§ **ACTION ITEM**
Output the entries below unchanged, except for the pictures.

(Short descriptive text snippets)
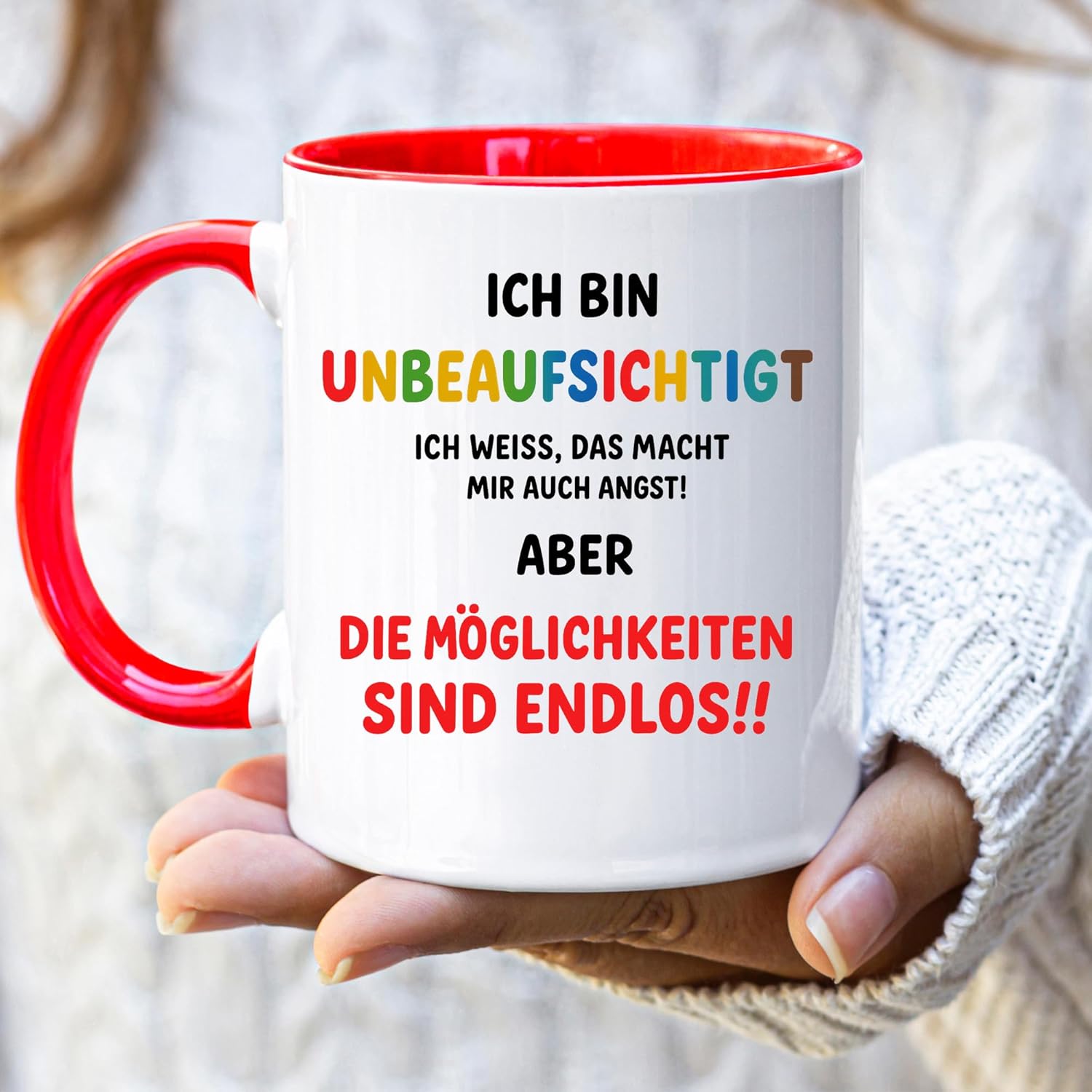 Jungle Mug Caneca de presente para colegas | Caneca com texto em alemão Unbeaufsichtigt Spruch Lustig | Geschenk Abschied Kollelegin Büro | Funny Tasse Arbeit Frauen Männer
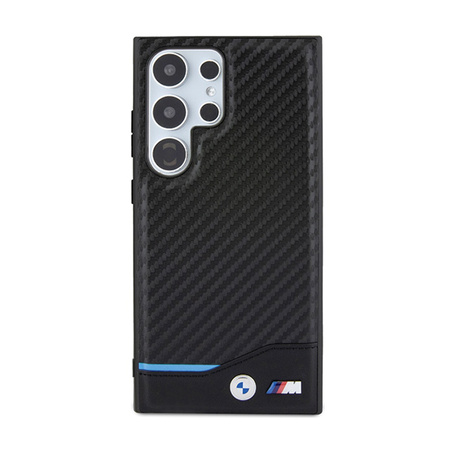 BMW Leather Carbon Blue Line - Etui Samsung Galaxy S24 Ultra (czarny) (BMHCS24L22NBCK)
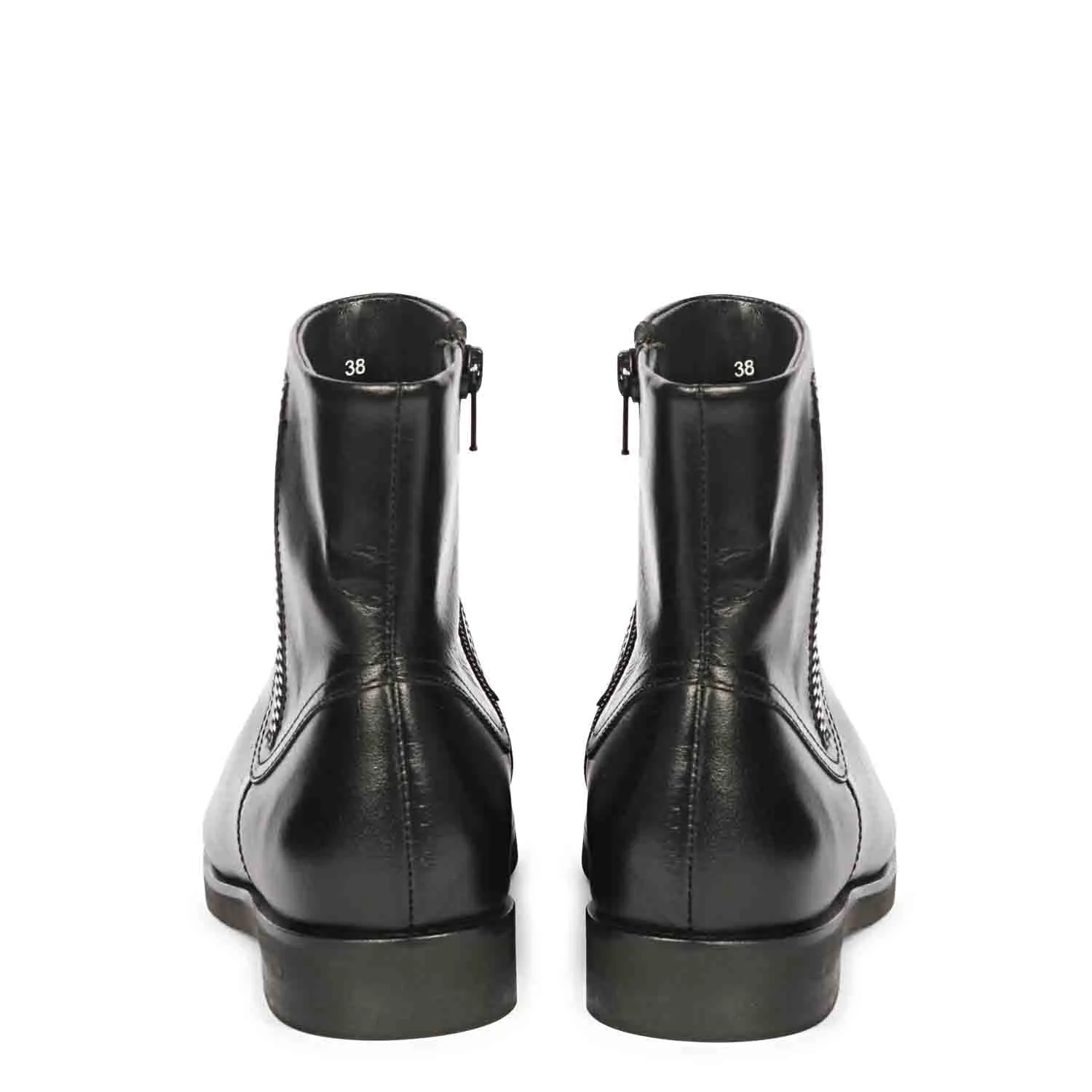 Saint Ryann Black Leather Handcrafted  InSide Zippers Ankle Boots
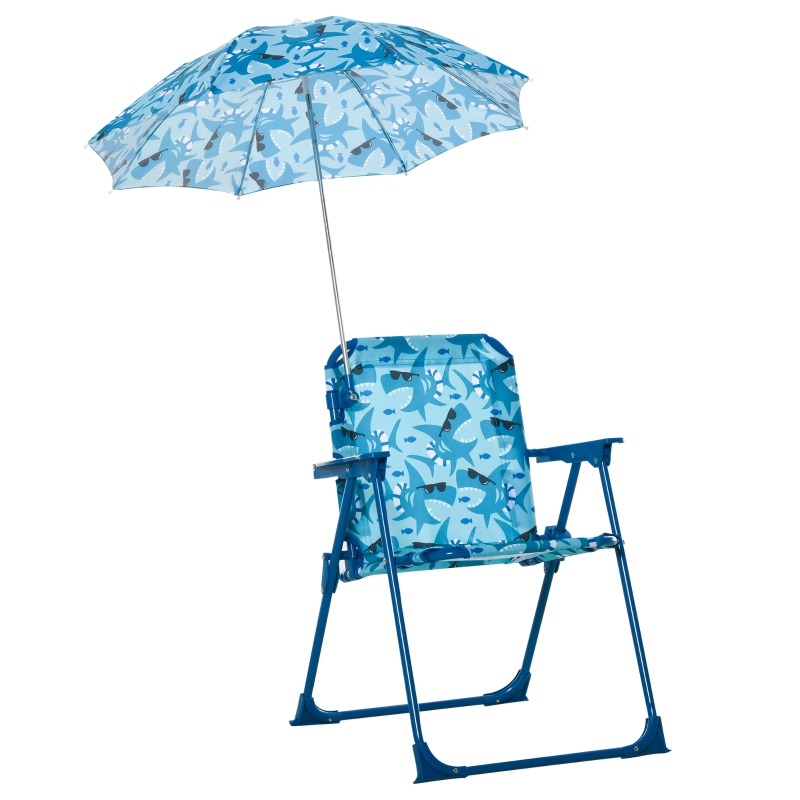 Outsunny krzesło kempingowe dla dzieci z parasolem krzesło plażowe dla dzieci krzesło składane 1-3 lat lekkie metal niebieskie 39x39x52 cm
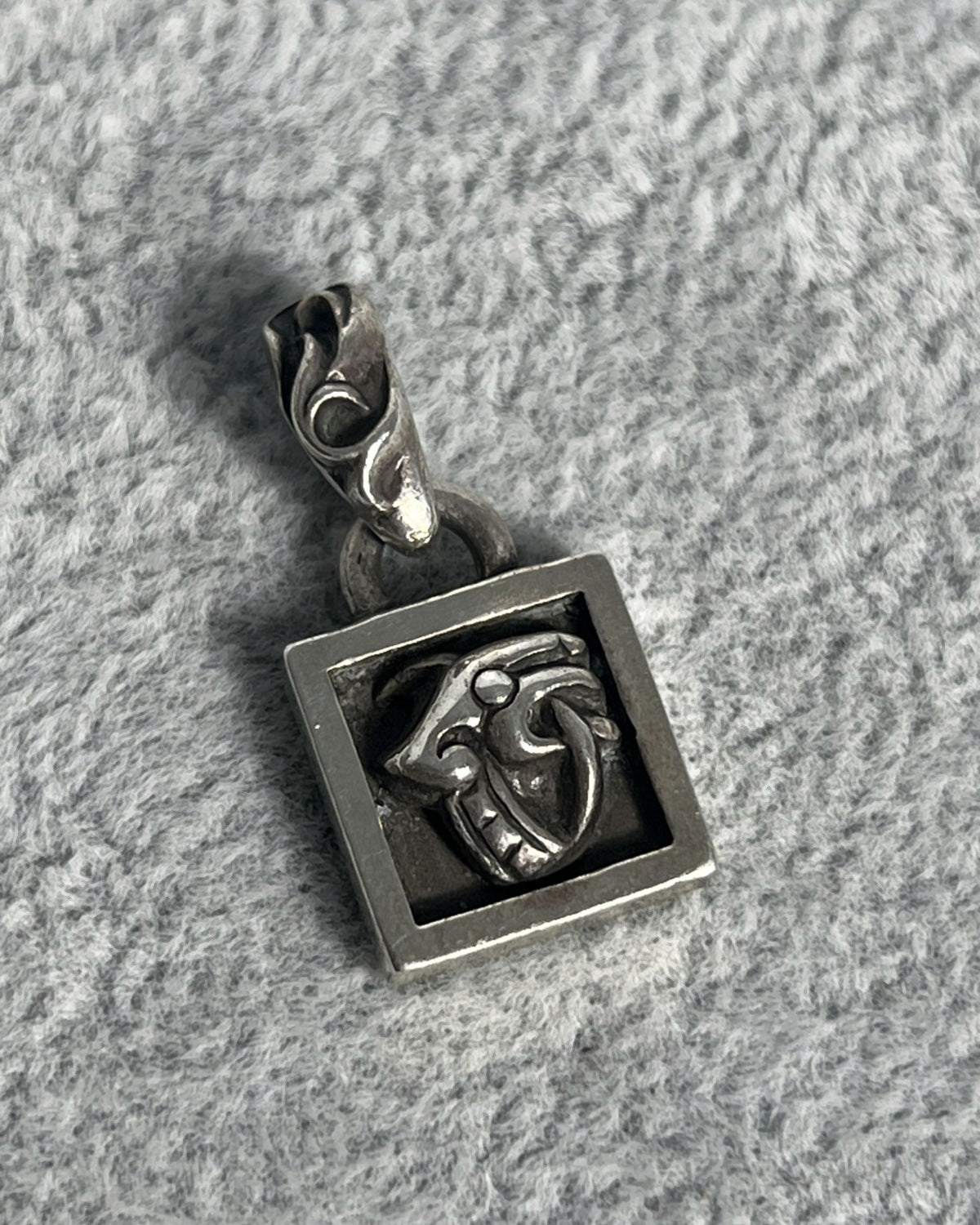 Chrome Hearts Scroll Frame Pendant 1998 .925 Silver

§ **OUTPUT OF THE EXERCISE**
 Jungle Mug Caneca de presente para colegas | Caneca com texto em alemão Unbeaufsichtigt Spruch Lustig | Geschenk Abschied Kollelegin Büro | Funny Tasse Arbeit Frauen Männer
 BMW Leather Carbon Blue Line - Etui Samsung Galaxy S24 Ultra (czarny) (BMHCS24L22NBCK)
 Saint Ryann Black Leather Handcrafted  InSide Zippers Ankle Boots
 Outsunny krzesło kempingowe dla dzieci z parasolem krzesło plażowe dla dzieci krzesło składane 1-3 lat lekkie metal niebieskie 39x39x52 cm
 Chrome Hearts Scroll Frame Pendant 1998 .925 Silver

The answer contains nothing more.